Tuesday, January 31, 2006

Follow Up to Story About the National Zoo in Washington, DC Killing Toni, the Elephant: Group Asks that the Zoo Send Three Elephants to an Sanctuary

Follow Up to Story About the National Zoo in Washington, DC Killing Toni, the Abused, Sick, Asian Elephant Instead of Sanctuary: Group Asks that the Zoo Send Its Three Remaining Asian Elephants to an Animal Sanctuary and Close its Elephant Exhibit


I wrote about the story of Toni last week. See this post here -

http://geari.blogspot.com/2006/01/shame-

on-national-zoo-in-washington-dc.html

I fully agree – the remaining Asian Elephants must be sent to an animal sanctuary and the National Zoo must close its elephant exhibit. The National Zoo has proven that it cannot be trusted with the lives of other animals and that they will default to killing others if they think bad publicity will come to them.

I urge you all to contact the people in charge at the zoo.

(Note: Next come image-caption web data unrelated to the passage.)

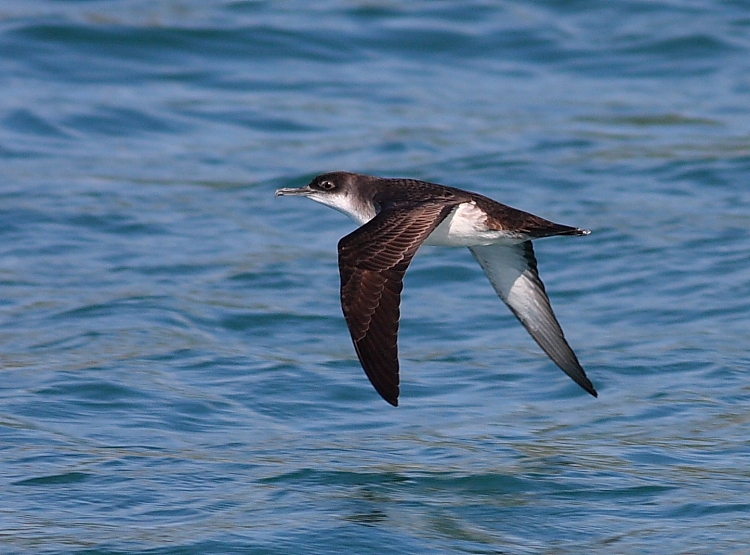 Yelkovan » Yelkouan Shearwater » Puffinus yelkouan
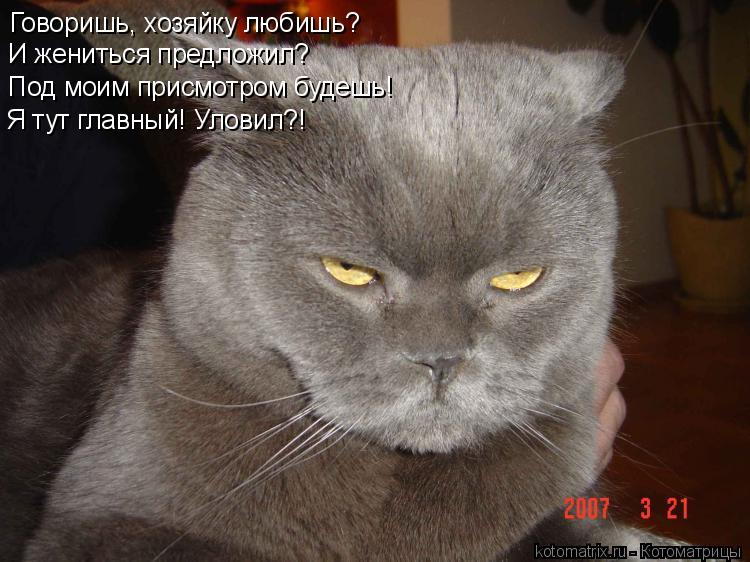 Говоришь, хозяйку любишь? И жениться предложил? Под моим присмотром будешь! Я тут главный! Уловил?!... Котоматрица: Говоришь, хозяйку любишь? И жениться предложил? Под моим присмотром будешь! Я тут главный! Уловил?!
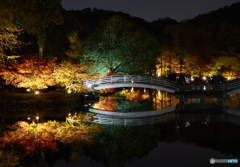 薬師池公園 紅葉ライトアップ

You can find all of their contact information here:

http://geari.blogspot.com/2006/01/shame-on-

national-zoo-in-washington-dc.html

Ask them to atone for killing Toni. As you’ll read in the post above, it was completely unnecessary. It was a result of bad publicity. In essence, they decided to forego scrutiny and play god.

PETA seeks sanctuary for US National Zoo elephants

http://news.yahoo.com/news?tmpl=story&cid=

2628&ncid=2628&e=56&u=/nm/20060127/

us_nm/life_elephant_peta_dc_2

Fri Jan 27, 8:54 AM ET

WASHINGTON (Reuters) - An animal rights group on Thursday appealed to the U.S. National Zoo in Washington to send its three remaining Asian elephants to an animal sanctuary and close its elephant exhibit.

The appeal came a day after the zoo put down an arthritic Asian elephant who was said to have been in worsening pain. The elephant named Toni was 40. Elephants can live to be 60 or older.

"Toni was clearly in bad shape and had been suffering for a long time. If she had been sent to a sanctuary years ago, her quality of life and health would have vastly improved," People for the Ethical Treatment of Animals, or PETA, said in a letter to the director of the

Smithsonian Institution's National Zoo.

PETA said elephants in zoos were dying decades short of their expected lifespan from illnesses that were directly related to the large animals' lack of spaces and their inability to walk great distances each day.

The organization urged National Zoo Director John Berry to send the park's three remaining elephants, four-year-old Kandula; his mother, 30-year-old Shanthi, and Ambika, 57, to an accredited sanctuary to spare them from a life of misery.

"At either The Elephant Sanctuary in Tennessee or the Performing Animal Welfare Society in California, the zoo's elephants would have the opportunity to roam through hundreds of acres (hectares) of natural habitat... and enjoy full, healthy and enriching lives," the letter said.

A spokesman for the National Zoo was not immediately available for comment.

There has been a growing debate in the United States over whether it is appropriate for zoos to keep elephants, which in the wild walk miles a day and have home ranges of up to 200 square miles.

Critics have said that zoo conditions, including small, concrete-floored enclosures, make elephants miserable.

At a news conference on Wednesday, the National Zoo's elephant curator, Tony Barthel, said Ambika, who is healthy and free of arthritis, provided evidence that the zoo enclosure was not the cause of Toni's health woes.

"She has been living in the current conditions at the National Zoo for longer than Toni was alive," he said.

Berry told reporters the zoo was building a larger exhibit and was considering moving at least some elephants to a 100-acre (40.5-hectare) to 200-acre (81-hectare) enclosure at its more rural conservation facility in Virginia.

Some U.S. zoos have closed their elephant exhibits in the past few years in the light of concern over odd behavior and arthritis among the animals.

In September zookeepers in Anchorage, Alaska said they were installing a treadmill for their one elephant.